On the other hand, it could just be that the government believes a dangerous precedent would be set by allowing civil servants’ privately-shared assessments of Whitehall schemes to be laid bare.
Since Henney launched his legal battle, DECC has become absorbed into a new body called the Department for Business, Energy and Industrial Strategy (BEIS).
BEIS told E&T it would not comment on any ongoing legal issues.
Feedback: E&T readers share smart-meter frustrations
Exasperating smart-meter let-downs have been highlighted by engineers who have vented their frustrations with the wireless devices following a special report in the May 2017 issue of E&T.
Crowdsourced reviews suggest many customers with the gadgets have struggled with unreliable readings, permanent connection failure and problems with interoperability between suppliers. Their accounts follow calls for the GB roll-out of the devices to be paused while glitches like these are ironed out.
John Harding, a retired rolling stock engineer from Tyne and Wear, told of how his smart meter had ceased to operate for both electricity and gas when he switched from British Gas to rival supplier E.On.
He said: “I can’t even use the mobile unit to take meter readings and have had to resort to crawling into a very small cupboard under the stairs to take the reading from the new gas meter.”
Retired electronics engineer John Heaps, an IET member from Bedfordshire, said his Landis+Gyr gas and electricity smart meters, put in by British Gas installers around a year ago, have not functioned properly from day one.

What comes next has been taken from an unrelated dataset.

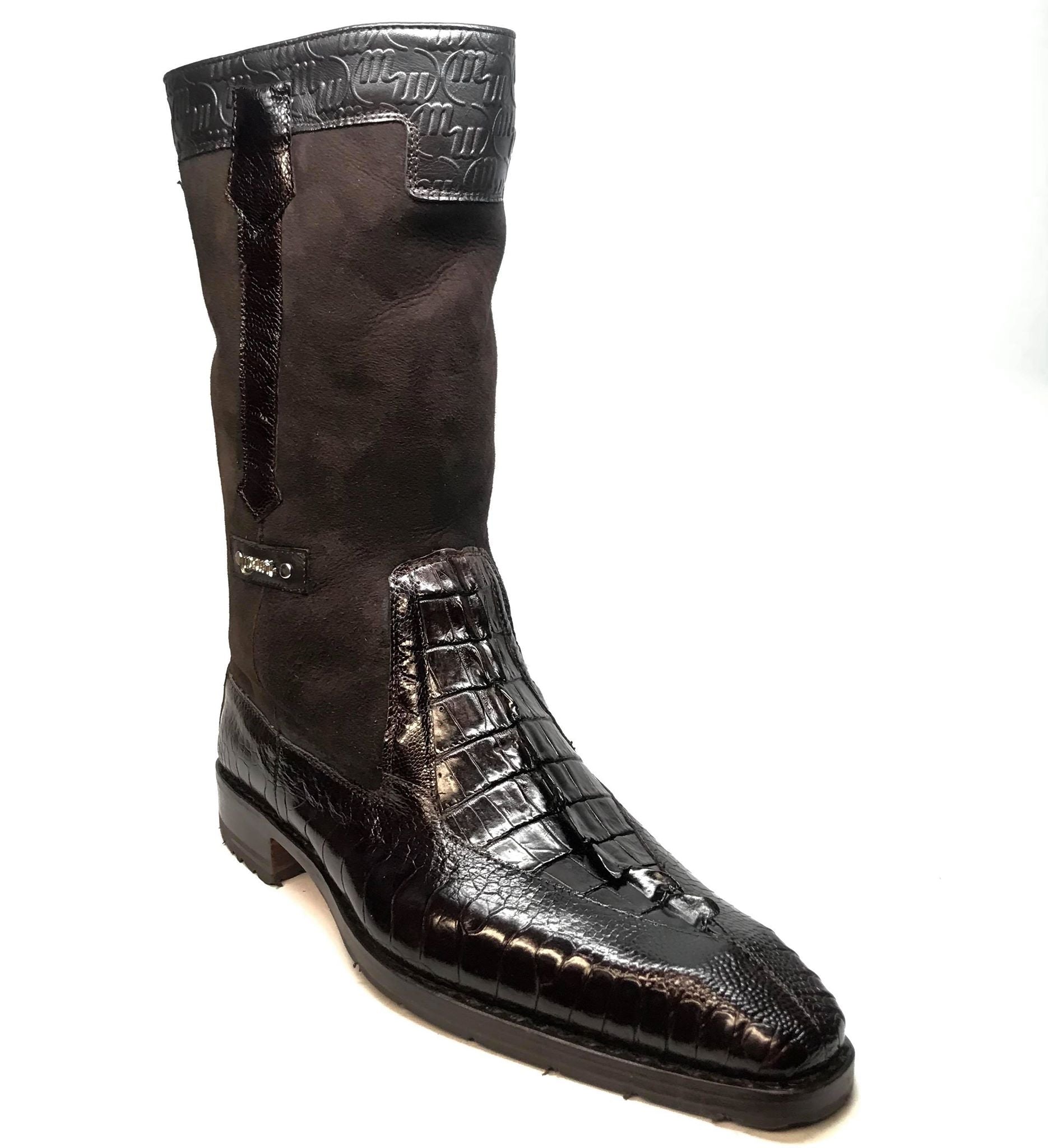 ostrich dress boots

Additionally, he could not provide his own meter readings online because the company’s website did not allow for people with smart meters to do this.

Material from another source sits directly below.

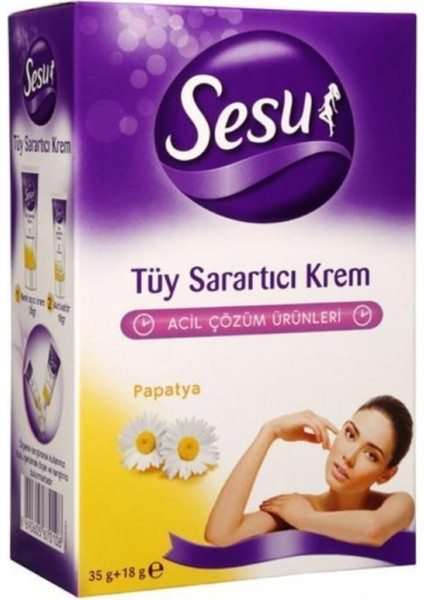 Tüy Sarartıcı Krem 35GR + 18 gr 2 Adet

He said: “British Gas has estimated my use from data they have received from a previous full year. This means that the readings estimated do not agree with the meter readings. I pay by direct debit, so I have to make sure that I am not being over-charged. I still live in hope for a solution to the problem. Perhaps a human being will arrive and read my meters.”
British Gas said it was looking into the issue.
Another dual-fuel customer, David Anson, experienced interoperability glitches like those highlighted in E&T, which led to dozens of people contacting us.
When Anson switched from British Gas to Scottish Power he found his meter switched to operating in ‘dumb’ mode.
Keith Waight, yet another customer with a British Gas-installed smart meter, said he ran into the same problem when he attempted to switch to First Utility.
Umbrella body Smart Energy GB insists numerous users have not encountered this problem and can be “switched seamlessly”.